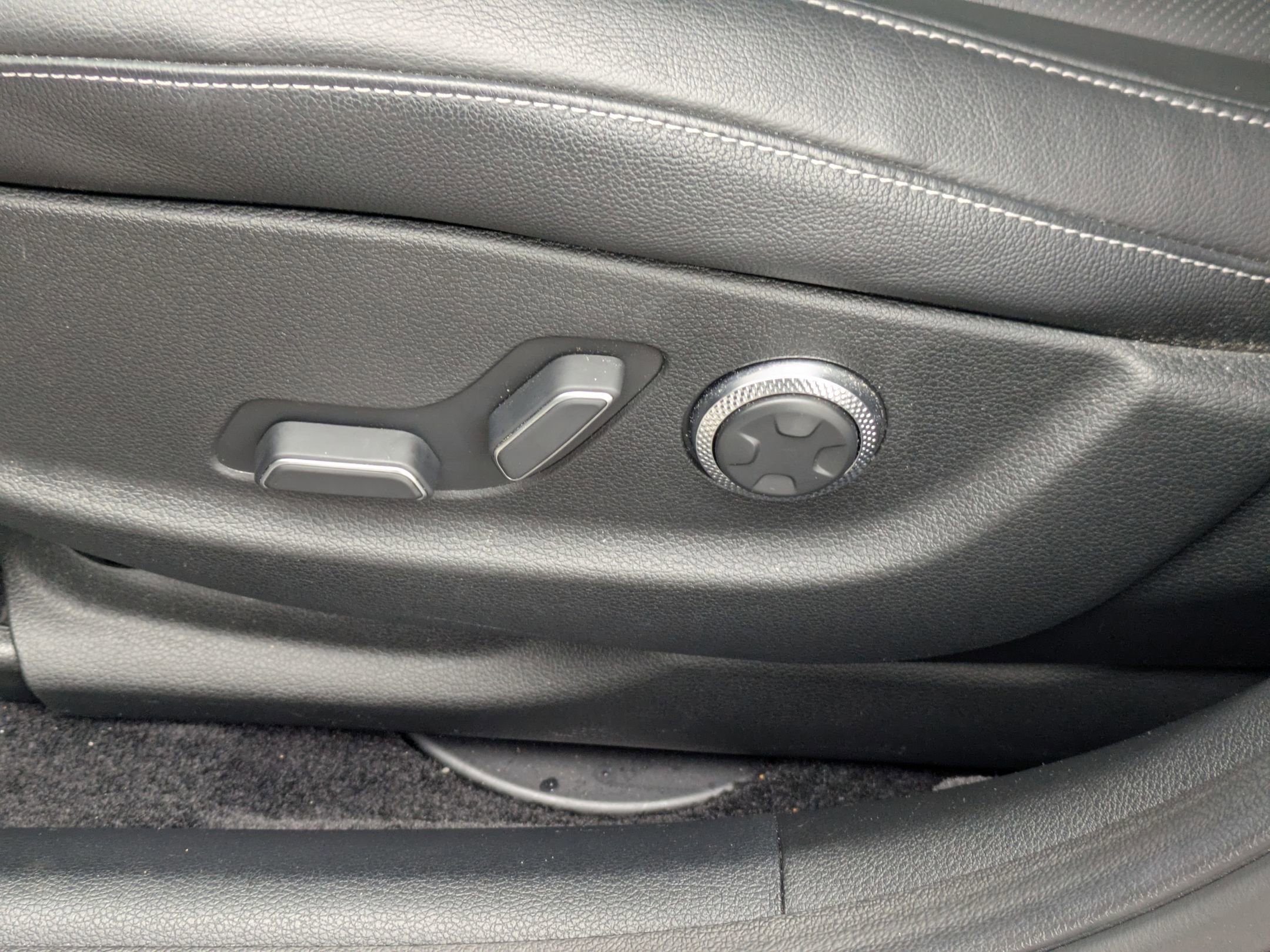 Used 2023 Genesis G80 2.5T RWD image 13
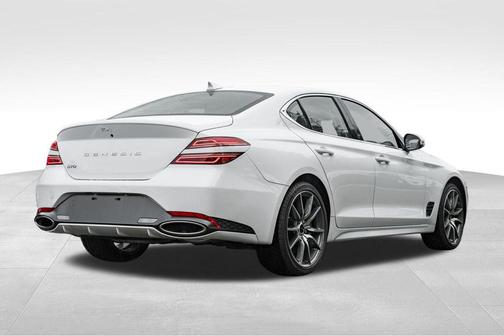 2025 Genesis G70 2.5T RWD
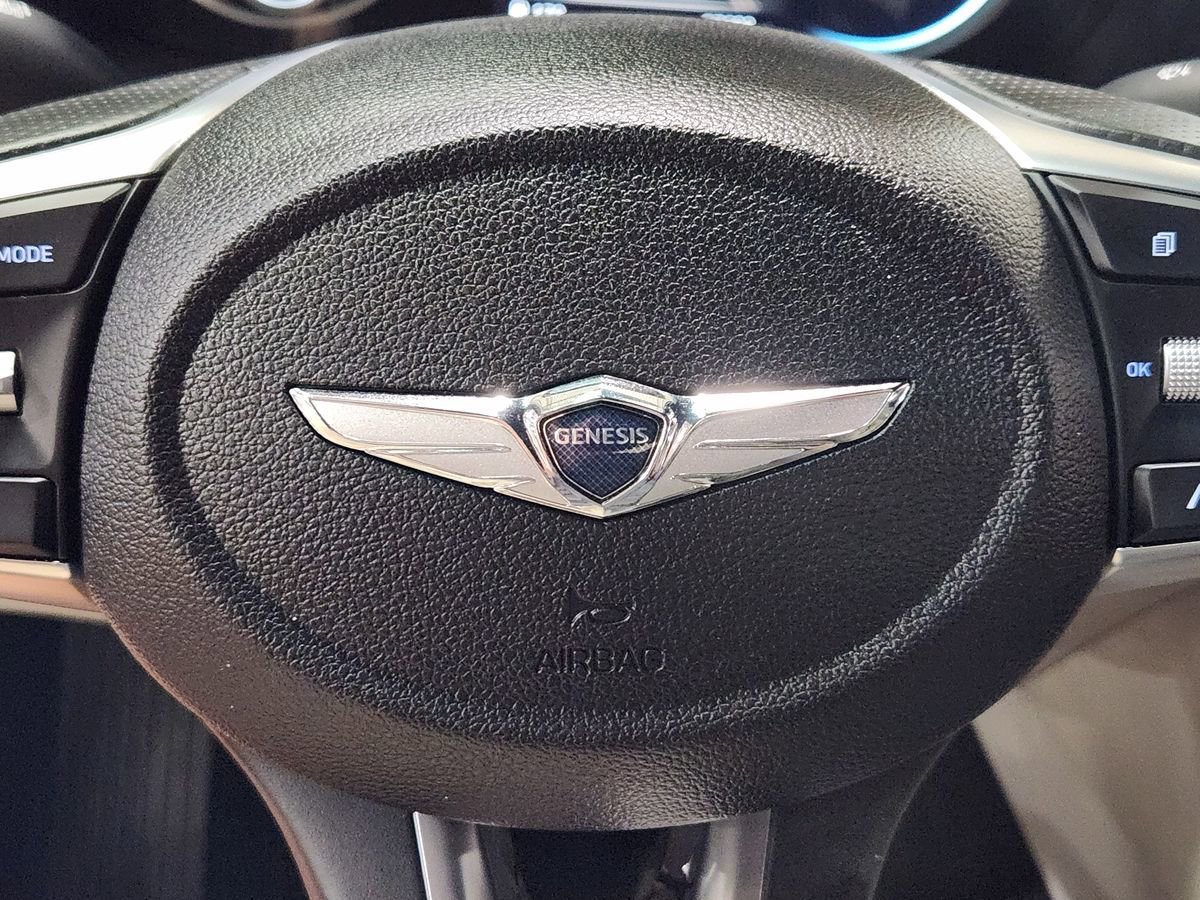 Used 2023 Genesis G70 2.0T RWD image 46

--

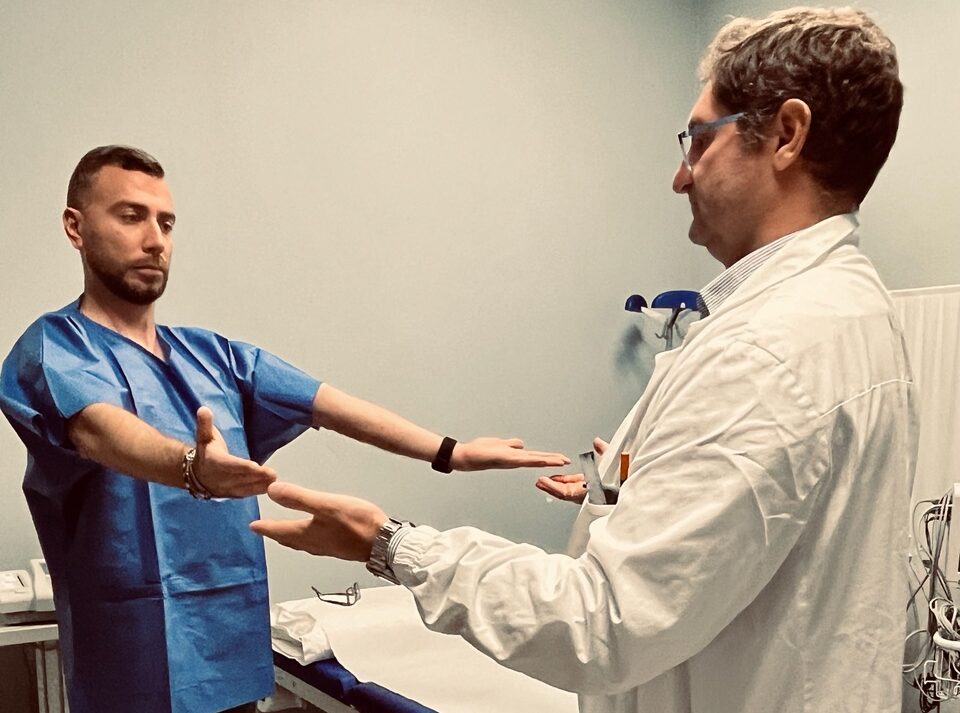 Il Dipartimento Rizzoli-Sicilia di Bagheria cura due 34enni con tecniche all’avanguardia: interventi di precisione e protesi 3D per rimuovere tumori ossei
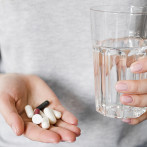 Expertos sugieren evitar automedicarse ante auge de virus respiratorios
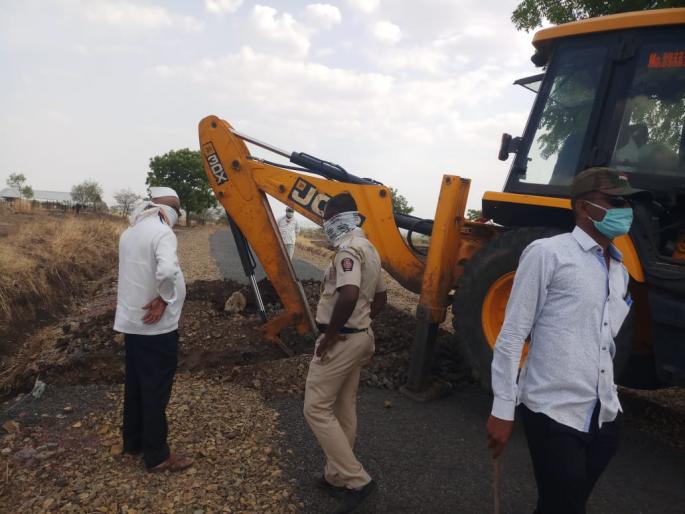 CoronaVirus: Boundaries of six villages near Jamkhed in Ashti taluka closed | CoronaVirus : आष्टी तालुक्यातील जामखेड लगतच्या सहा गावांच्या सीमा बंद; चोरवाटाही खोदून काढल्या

* * *

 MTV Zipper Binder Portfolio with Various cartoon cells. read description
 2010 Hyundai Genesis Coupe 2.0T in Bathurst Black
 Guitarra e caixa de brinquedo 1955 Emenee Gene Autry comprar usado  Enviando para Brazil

- **Activity**
In the material above, which lines fall between the one holding "Used 2023 Genesis G80 2.5T RWD image 13" and the one holding "Used 2023 Genesis G70 2.0T RWD image 46", inclusive? Print exactly those, with the pictures left out.

- **Written response**
 Used 2023 Genesis G80 2.5T RWD image 13
 2025 Genesis G70 2.5T RWD
 Used 2023 Genesis G70 2.0T RWD image 46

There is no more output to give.